Feliz vida. Por lo pronto, feliz 2024.



RGB^^

miércoles, 20 de abril de 2016

Mi comienzo y el mineral sucio

Comenzar algo nuevo siempre implica una emoción, positiva o negativa. Algunos ejemplos pueden ser: ganas, ilusión, sentimiento de obligación, o cualquier otra.

En mi caso, mi nueva aventura, que en poco tiempo pasó de ser "mi" a "nuestra", tenía rostro de felicidad, ganas de comerse el mundo, velocidad, amor y muchas otras más, todas positivas.
Lo malo de que todo sea positivo es que la probabilidad de decepción, de sufrimiento, se incrementa hasta límites insospechados.
Cuando te embarcas en una nueva aventura en que lo dejas todo, cuando todo lo que tienes, todo en lo que estás trabajando para conseguir y todas tus relaciones (laborales, personales y académicas) se apartan a un lado para permitirte apuntar a lo que a todas luces parece lo correcto, lo más grande, lo que hará que puedas responder "feliz" a la pregunta "¿qué tal tu vida?", apostando a todo o nada tu vida, te embriaga una sensación de adrenalina pura y te ciega de toda posibilidad de que algo salga mal.
A veces sale mal. A veces no todo el monte es orégano. A veces lo que parecía brillar como un diamante resulta ser topacio.
Con esto no quiero decir que yo sea una de esas personas que no pueden ser felices si no es con un diamante puro. Puedo ser feliz con un topacio. Lo malo del topacio es que requiere mucho más trabajo cuidarlo y pulirlo. Es más frágil que un diamante, y hay que llevarlo siempre con mucho cuidado, para que no acabe en el suelo hecho añicos.
Mi aventura no ha hecho más que empezar o, al menos, eso espero, y aún estoy analizando lo que tengo entre manos. Quizás sea un diamante en bruto, que necesita pulir, y una vez pulido durará para siempre, fuerte y brillante. Pulir un diamante lleva mucho trabajo.

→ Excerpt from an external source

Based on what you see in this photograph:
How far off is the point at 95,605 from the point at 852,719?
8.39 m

El problema es, ya sea diamante o topacio, que vino muy sucio. Nunca pensé que el pasado de algo que para ti es nuevo pudiera afectar tanto a su presente y al tuyo propio.
Sobretodo cuando sabes que la suciedad de la que ahora está impregnado fue por decisión propia y no por malas casualidades de la vida.
¿Qué demonios le debió pasar por la mente para decidir que eso era lo correcto? ¿De verdad alguien puede quererse tan poco para llegar al punto de no importarse lo más mínimo? Y, si en algún momento lo pensó, ¿porqué decidió la auto compasión y la autodestrucción en lugar de luchar por ser quien era en lugar de quién los demás esperaban que fuera?

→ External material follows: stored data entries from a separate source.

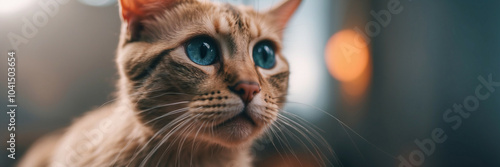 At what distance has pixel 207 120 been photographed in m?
0.57

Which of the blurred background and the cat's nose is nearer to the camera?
the cat's nose

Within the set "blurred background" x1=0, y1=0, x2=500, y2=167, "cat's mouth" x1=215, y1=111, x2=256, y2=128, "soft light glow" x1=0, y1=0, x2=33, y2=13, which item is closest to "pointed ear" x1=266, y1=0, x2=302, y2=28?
"blurred background" x1=0, y1=0, x2=500, y2=167

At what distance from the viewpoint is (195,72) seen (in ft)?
1.97

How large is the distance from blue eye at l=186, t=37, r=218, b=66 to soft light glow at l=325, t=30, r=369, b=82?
0.37 meters

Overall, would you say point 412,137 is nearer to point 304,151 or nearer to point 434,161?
point 434,161

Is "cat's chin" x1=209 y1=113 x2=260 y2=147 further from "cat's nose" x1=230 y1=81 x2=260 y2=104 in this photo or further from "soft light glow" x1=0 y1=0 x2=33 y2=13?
"soft light glow" x1=0 y1=0 x2=33 y2=13

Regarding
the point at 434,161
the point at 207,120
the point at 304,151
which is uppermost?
the point at 207,120

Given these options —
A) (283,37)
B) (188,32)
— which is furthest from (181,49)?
(283,37)

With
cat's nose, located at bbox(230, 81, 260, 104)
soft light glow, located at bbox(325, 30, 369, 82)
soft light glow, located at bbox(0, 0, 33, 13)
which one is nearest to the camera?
cat's nose, located at bbox(230, 81, 260, 104)

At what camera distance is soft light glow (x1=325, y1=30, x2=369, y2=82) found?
35.5 inches

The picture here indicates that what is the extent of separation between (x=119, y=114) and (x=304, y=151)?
18.6 inches

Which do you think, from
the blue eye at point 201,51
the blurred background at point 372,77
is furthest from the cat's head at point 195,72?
the blurred background at point 372,77

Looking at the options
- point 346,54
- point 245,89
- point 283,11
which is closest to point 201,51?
point 245,89

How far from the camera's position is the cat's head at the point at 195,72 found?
0.58 metres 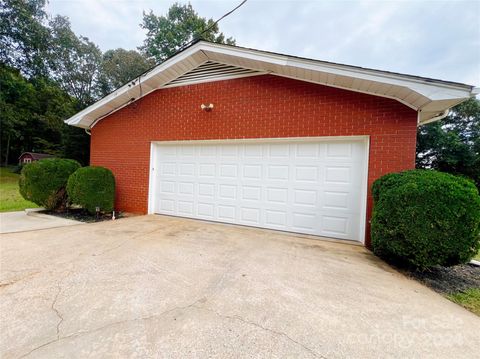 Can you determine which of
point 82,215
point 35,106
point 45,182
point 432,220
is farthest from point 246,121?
point 35,106

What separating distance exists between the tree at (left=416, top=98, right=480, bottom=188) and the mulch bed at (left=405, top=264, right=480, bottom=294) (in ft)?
41.1

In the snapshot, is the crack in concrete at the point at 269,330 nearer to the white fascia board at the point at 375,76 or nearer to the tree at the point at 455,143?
the white fascia board at the point at 375,76

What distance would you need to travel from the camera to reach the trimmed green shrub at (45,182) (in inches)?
233

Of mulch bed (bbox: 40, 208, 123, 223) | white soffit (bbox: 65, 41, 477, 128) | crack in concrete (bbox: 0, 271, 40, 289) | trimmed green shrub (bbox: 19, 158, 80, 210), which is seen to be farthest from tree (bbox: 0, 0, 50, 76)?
crack in concrete (bbox: 0, 271, 40, 289)

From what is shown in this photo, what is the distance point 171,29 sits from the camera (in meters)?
18.5

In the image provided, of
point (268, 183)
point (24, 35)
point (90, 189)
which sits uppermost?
point (24, 35)

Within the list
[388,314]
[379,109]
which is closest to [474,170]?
[379,109]

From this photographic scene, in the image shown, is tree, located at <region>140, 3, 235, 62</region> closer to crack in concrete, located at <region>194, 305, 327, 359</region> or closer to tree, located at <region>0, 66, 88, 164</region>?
tree, located at <region>0, 66, 88, 164</region>

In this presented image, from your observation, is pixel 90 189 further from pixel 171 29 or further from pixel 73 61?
pixel 73 61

Sea como sea, voy a descifrar la composición de esta piedra preciosa que hizo que cambiara el rumbo de mi vida por completo, hasta que el destino decida por nosotros. Al menos mi conciencia está tranquila, el universo bien sabe que, para bien o para mal, he dedicado cada día de mi aventura en pulir a esta piedra por la que mi vida cambió, para darle a mi comienzo un final feliz.

RGB


jueves, 12 de noviembre de 2015

Desde nuestra ventana

06:00am. Suena la primera alarma. El móvil emitiendo luz y sonido. Mis ojos, semi-abiertos, deseando no abrirse. Mis manos se reparten el trabajo: una hacia el botón de posponer alarma y la otra directa a su cintura. Mi boca guía a mi cabeza hacia su mejilla y a la vez que un lánguido hilillo de voz da los buenos dias y, como respuesta, sus labios repiten mis palabras y se encuentran con los mios.
Mis ojos se cierran de nuevo. Mi cabeza apoyada cómodamente en su pecho.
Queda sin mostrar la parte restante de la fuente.